In January 2015, the Toronto Stock Exchange (the “TSX”) released proposed amendments to its rules setting forth a set of listing rules for a variety of products, including structured products and closed end funds.13
In issuing the proposal, the TSX noted that, at present, none of the leading Canadian banks that issue these products list them on an exchange. The TSX also determined that there are currently only three providers of listed structured products in Canada, with only six products listed on the TSX or on other Canadian exchanges. As a result, the TSX believes there may be benefits to public listings for this product class, and proposing a single set of listing rules.
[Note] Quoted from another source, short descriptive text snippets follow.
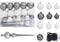 vidaXL - 61-delige - Kerstballenset - met - piek - en - 150 - LED's - wit - en - grijs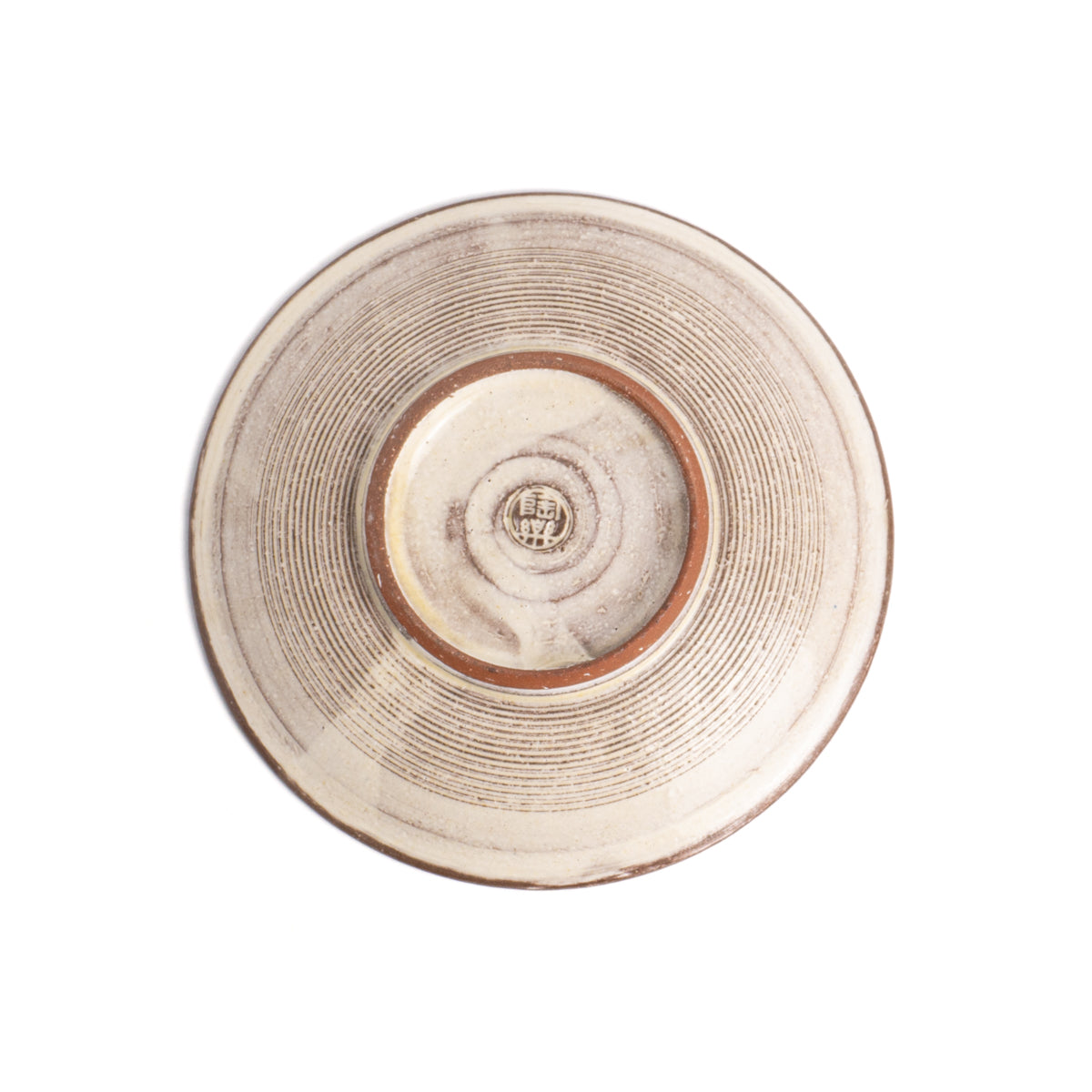 小皿 紫彩華紋D 陶楽窯 - Handcrafted Japanese pottery from Kyoto - Kyo ware / Kiyomizu ware.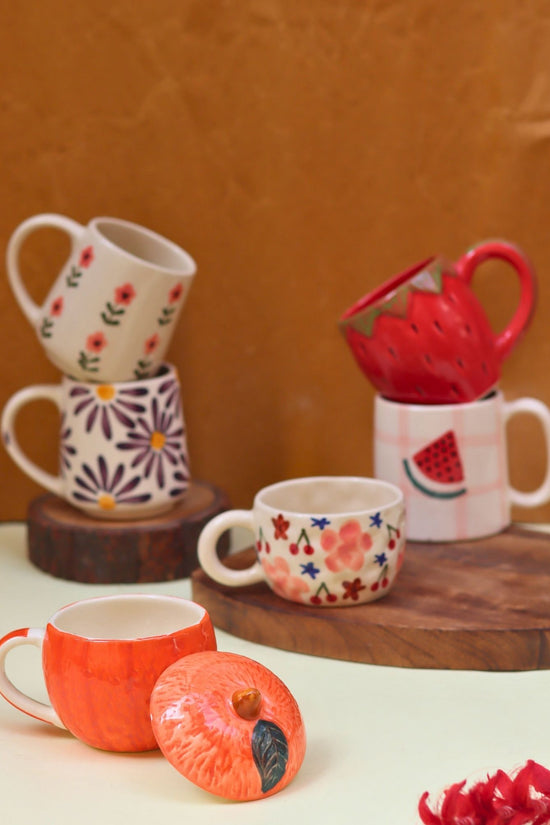 Set of 6 Chill & Fill Mugs Combo (for the price of 5) made by ceramic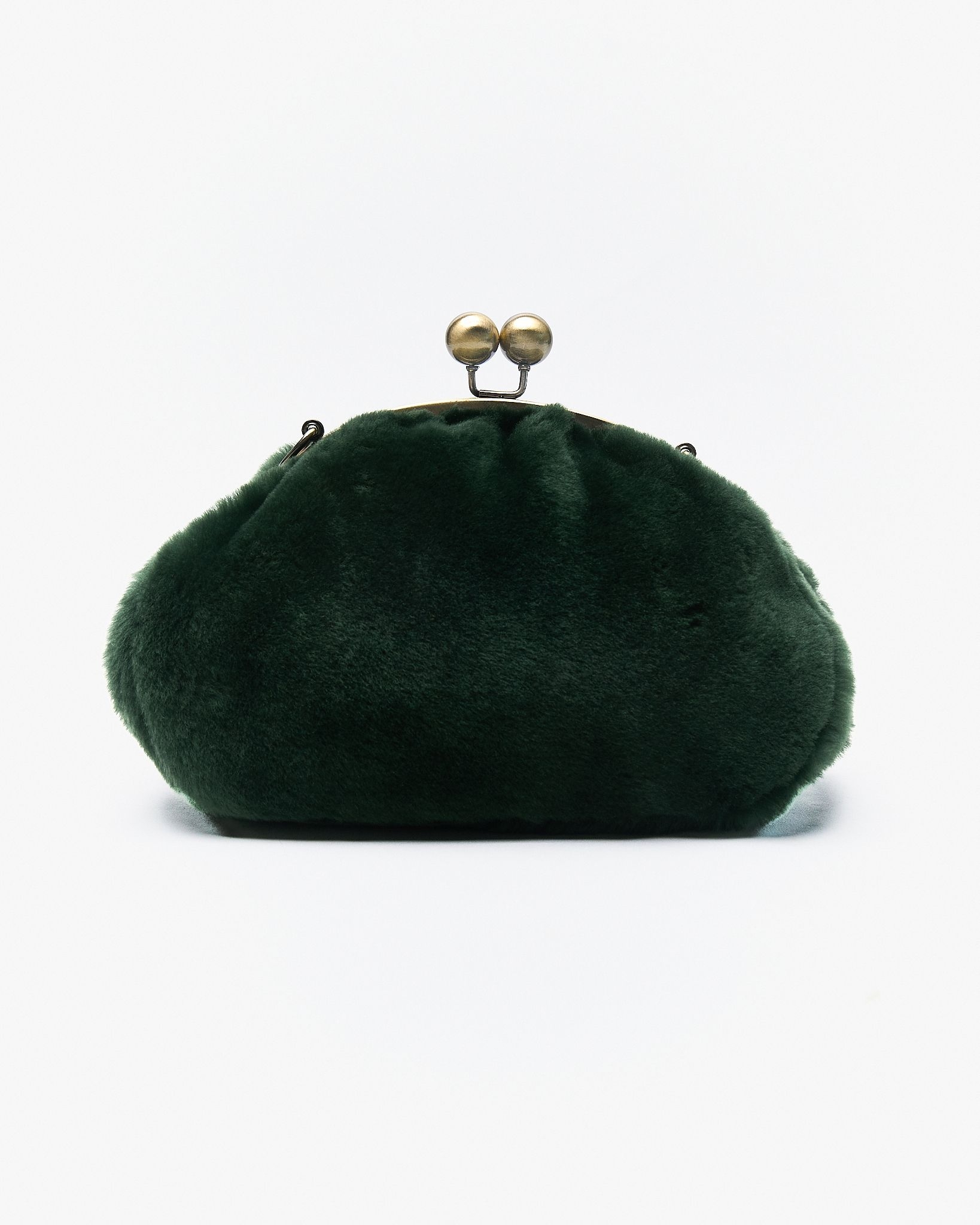 Motchiri Lamb Fur Crossbody Bag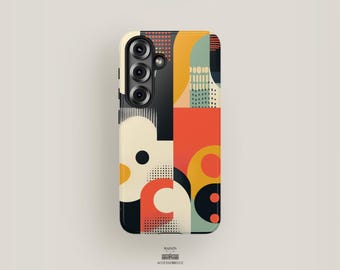 Retro Phone Case Colorful | Samsung Galaxy S25 Plus Case, Galaxy S24 Ultra Case, S23, S22 Case, S21 | Aesthetic Phone Case Unique Artistic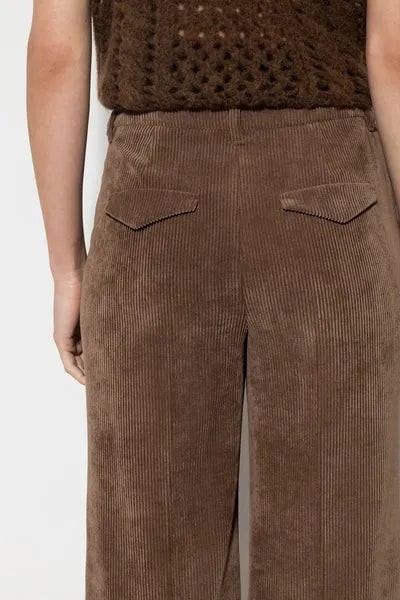Luisa Cerano hazelnut wide leg cords 608690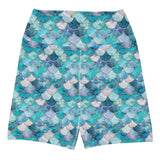 Mermaid Scales Collection 4" Inch Dive Shorts -  - ["Blue Lagoon Mermaid","mermaid","Short","women"]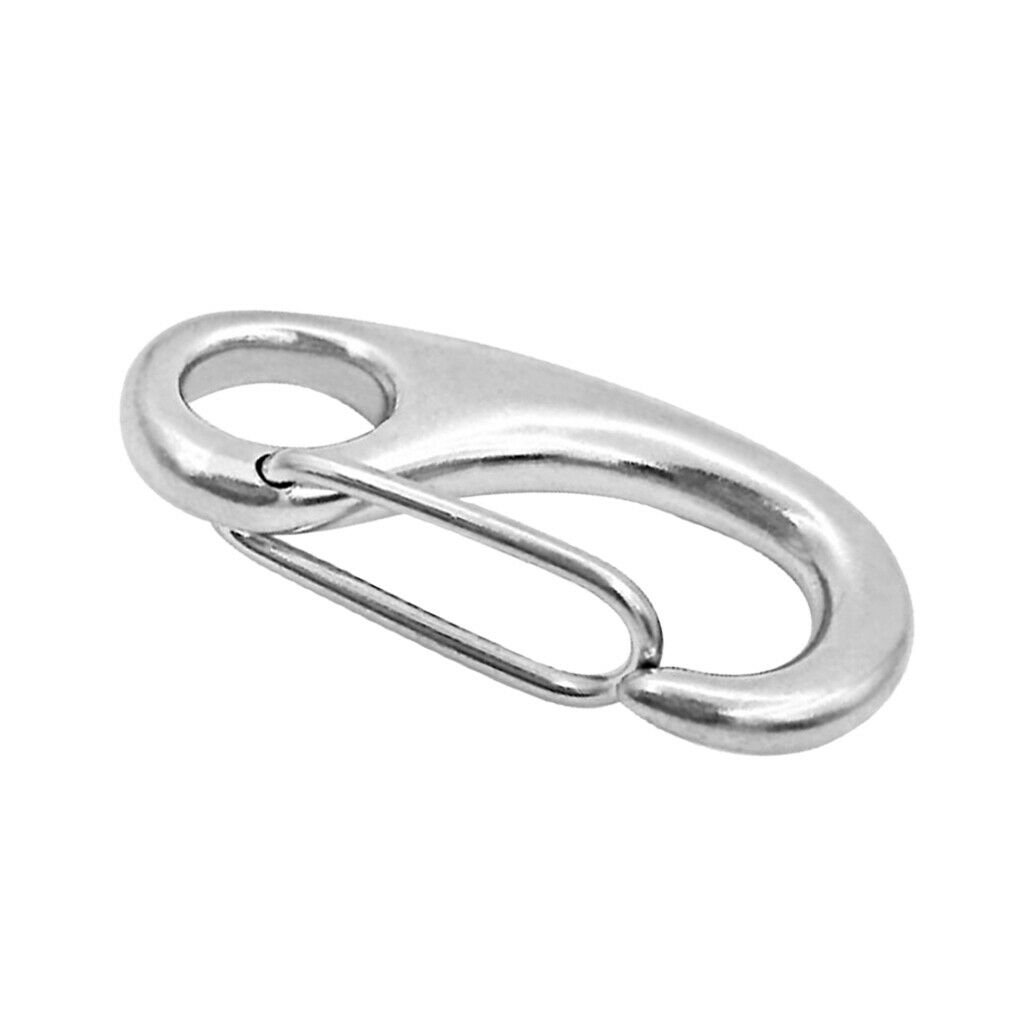 Heavy Duty Marine Grade 2" 304 Gate Spring Clip Snap Hook Claw for Yacht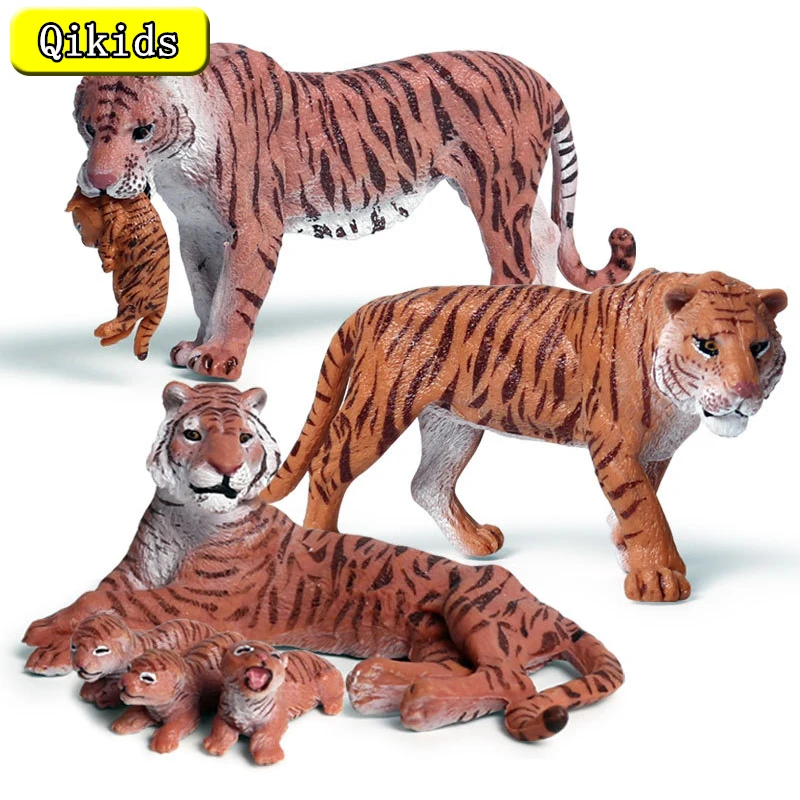 

Simulation Wild Zoo Animals African Tiger Models Action Figures Toy Figurines Miniature Collection Education Toys For Kids Gifts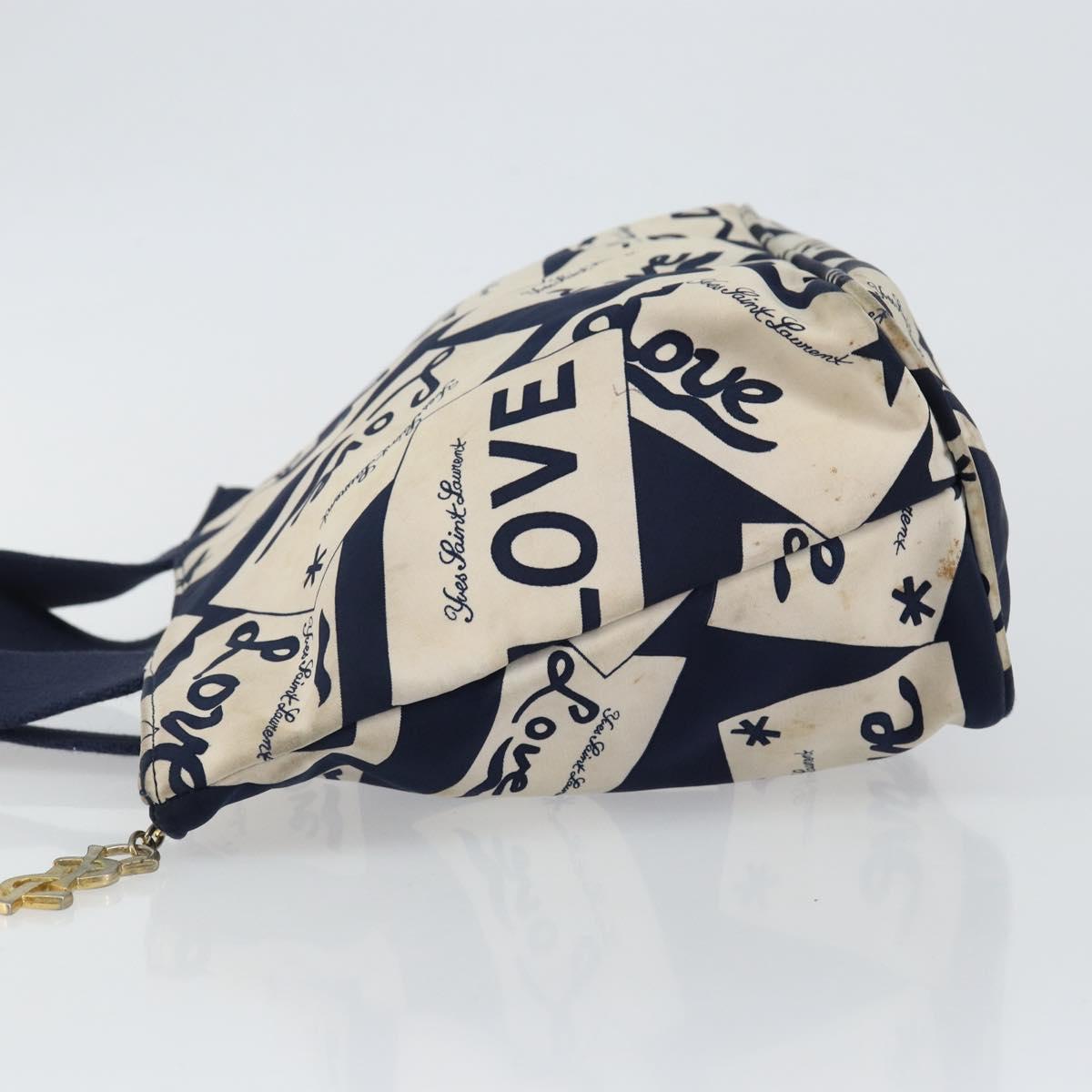 SAINT LAURENT Hand Bag Nylon Navy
Among other things, the TSX is proposing a capitalization requirement of CAD$1 million for structured product listings.
A Look to the U.S. Exchanges
In creating the proposed rules, the TSX reviewed the listing rules and practices on a number of international securities exchanges. The TSX noted that the products listed on Nasdaq and the NYSE are the most comparable to the products listed on the TSX.
What Is a Structured Product?
For purposes of the proposed rules, the term “structured product” means securities generally issued by a “Financial Institution” (or similar entity) under a base shelf prospectus and pricing supplement where an investor's return is contingent on, or highly sensitive to, changes in the value of underlying assets, indices, interest rates or cash flows. Structured products include securities such as non-convertible notes, principal or capital protected notes, index or equity linked notes, tracker certificates and barrier certificates. The TSX, in its discretion, may determine if a particular issuance of securities will be considered a structured product.
The TSX is publishing the proposed rules for a 60-day comment period, which expires on March 16, 2015.